Carter, Autor von mehr als zwanzig Büchern, äusserte sich in der ihm eigenen Offenheit häufig zu aktuellen politischen Fragen. Dabei kritisierte er die aggressive Aussenpolitik von George W. Bush ebenso wie die Besetzungspolitik Israels, die er als Apartheid bezeichnete. Das Nobelpreiskomitee in Oslo verlieh ihm 2002 den Friedensnobelpreis, was neben der Ehrung für Carters Engagement auch als Ohrfeige für Bush gedacht war, der bereits seinen fatalen Irakkrieg plante.

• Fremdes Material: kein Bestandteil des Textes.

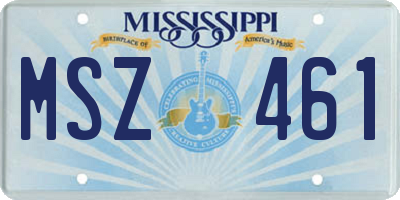 MS license plate MSZ461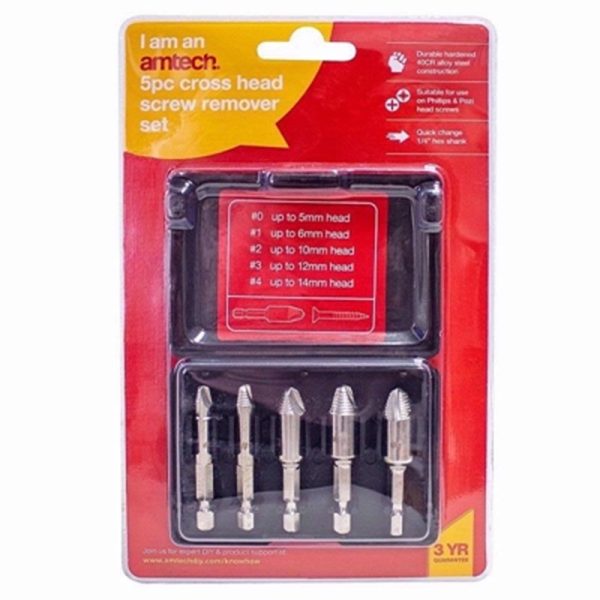 AMTECH CROSS HEAD SCREW REMOVER SET 5PC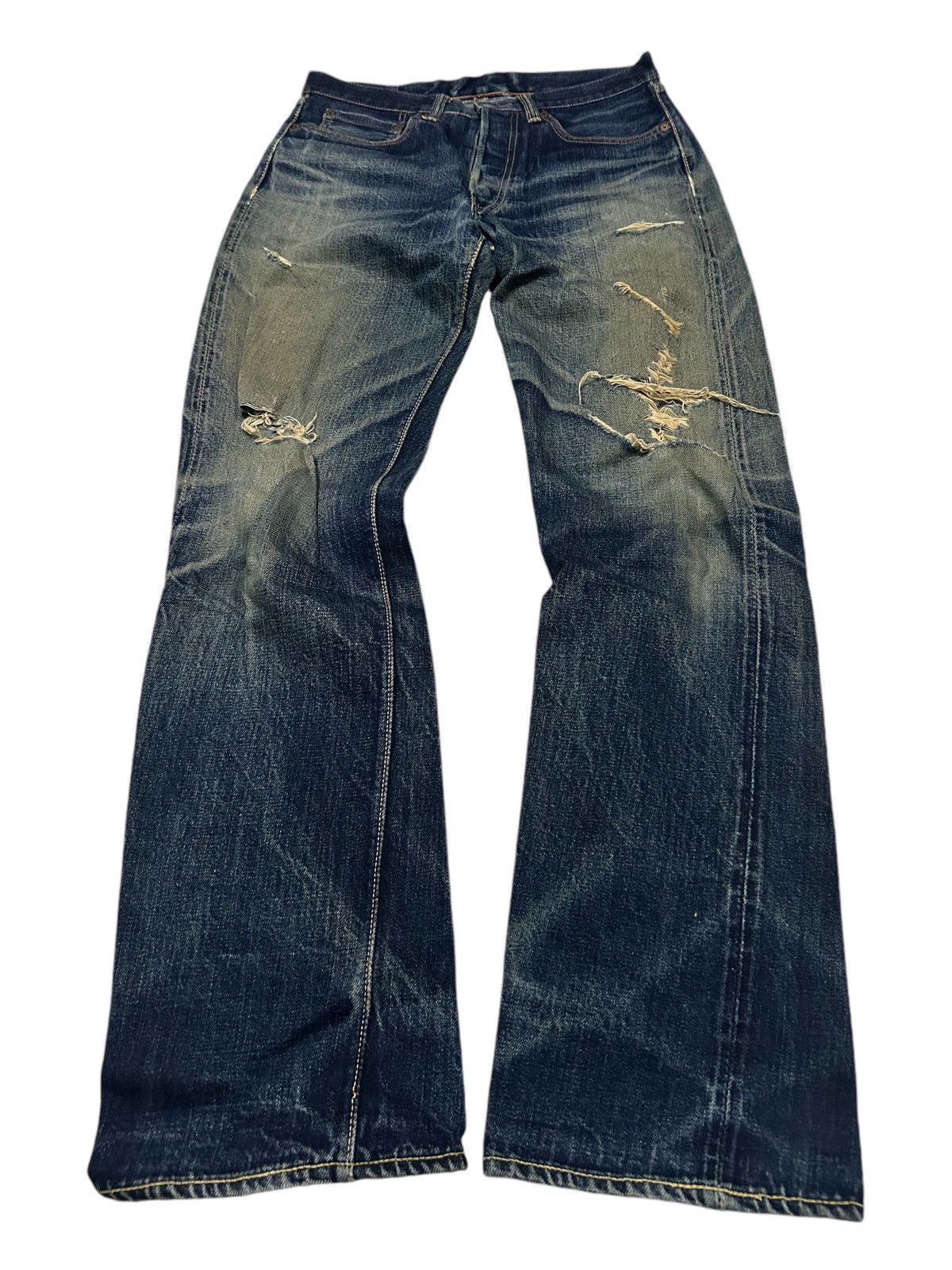 Japanese Brand × Kapital × Vintage Vtg JapaneseBrand Hooper jeans Distreessed Selvedge Denim 🎌☠️ Size US 30 / EU 46 - 1 Thumbnail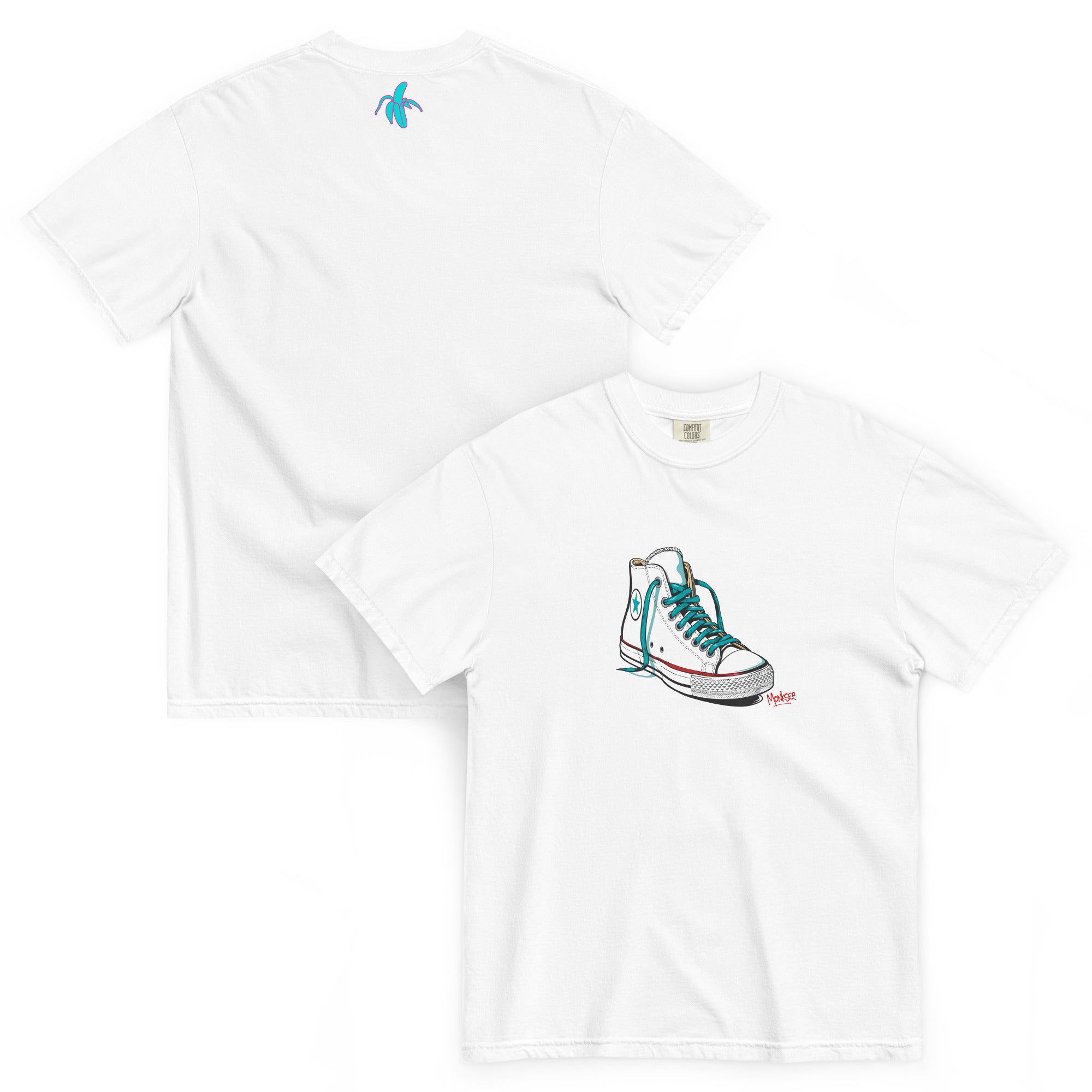 an image of the front and back of the monksee kickin it white tshirt featuring artistic drawing of a chuck Taylor Allstars shoe on the front and the teal and pink monksee banana on the back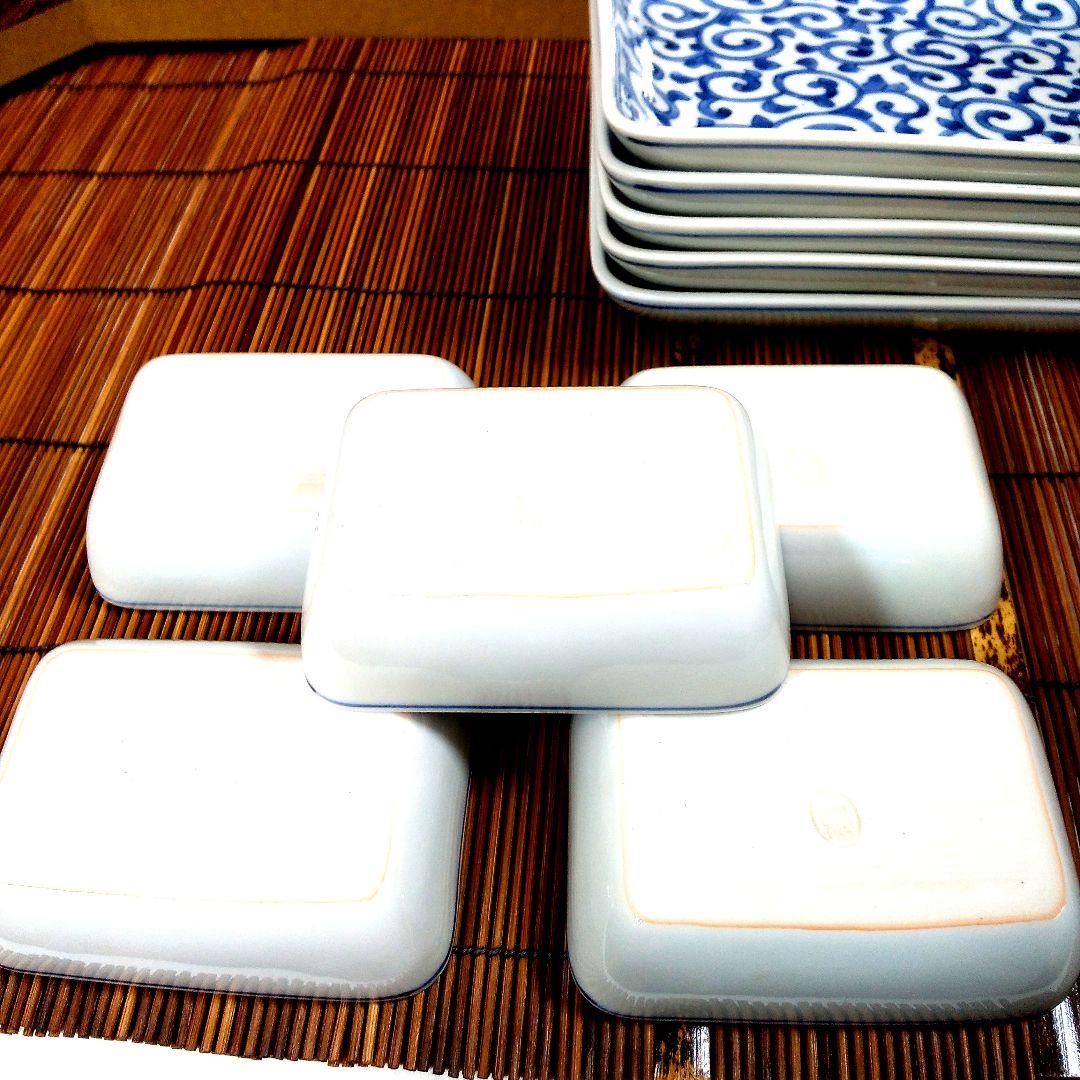 ほとんど未使用品 清水焼き 香仙作 唐草文 焼き物 刺身用 猪口付き 長皿揃い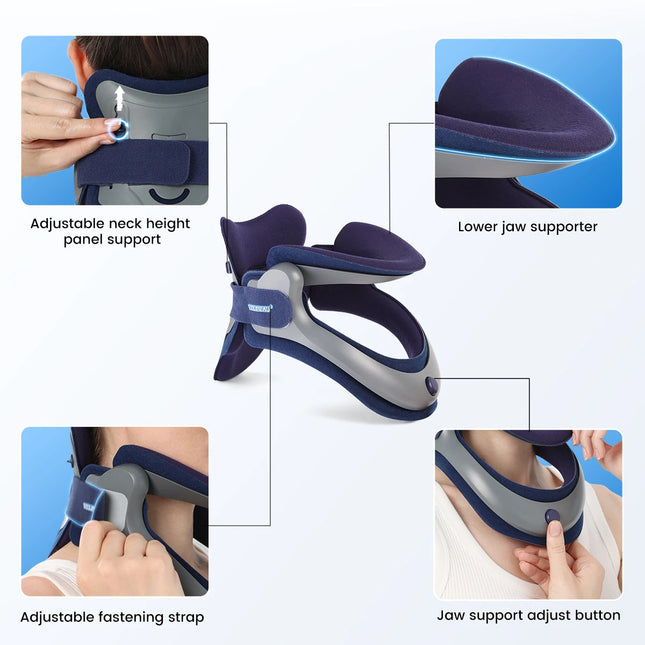 VELPEAU Cervical Traction Device, Neck Stretcher for Posture Correct and Spine Pressure, Adjustable Neck Brace for Men and Women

So bleibt das Bild einer Person der Zeitgeschichte mit Licht und Schatten. Das Schicksal – oder die Natur – hielt immerhin eine Art ausgleichende Gerechtigkeit für den Mann bereit, den die Wähler buchstäblich aus dem Weissen Haus gefegt hatten. Keinem anderen ehemaligen Präsidenten war bis zu seinem Tod am 29. Dezember 2024 eine so lange und von guter körperlicher und geistiger Gesundheit gekennzeichnete Zeitspanne nach dem Ausscheiden aus dem hohen Amt vergönnt. Vor dem Hintergrund sich vertiefender Polarisierung erhielt er zudem späte Wertschätzung auch von vielen Amerikanern, die den 39. Präsidenten nie gewählt haben: Bei all seinen Schwächen verkörperte Jimmy Carter Humanismus, feinfühlige Sensibilität und Liebe zu seinen Mitmenschen. Er war nicht der grösste Präsident. Aber vielleicht der mit dem grössten Herzen.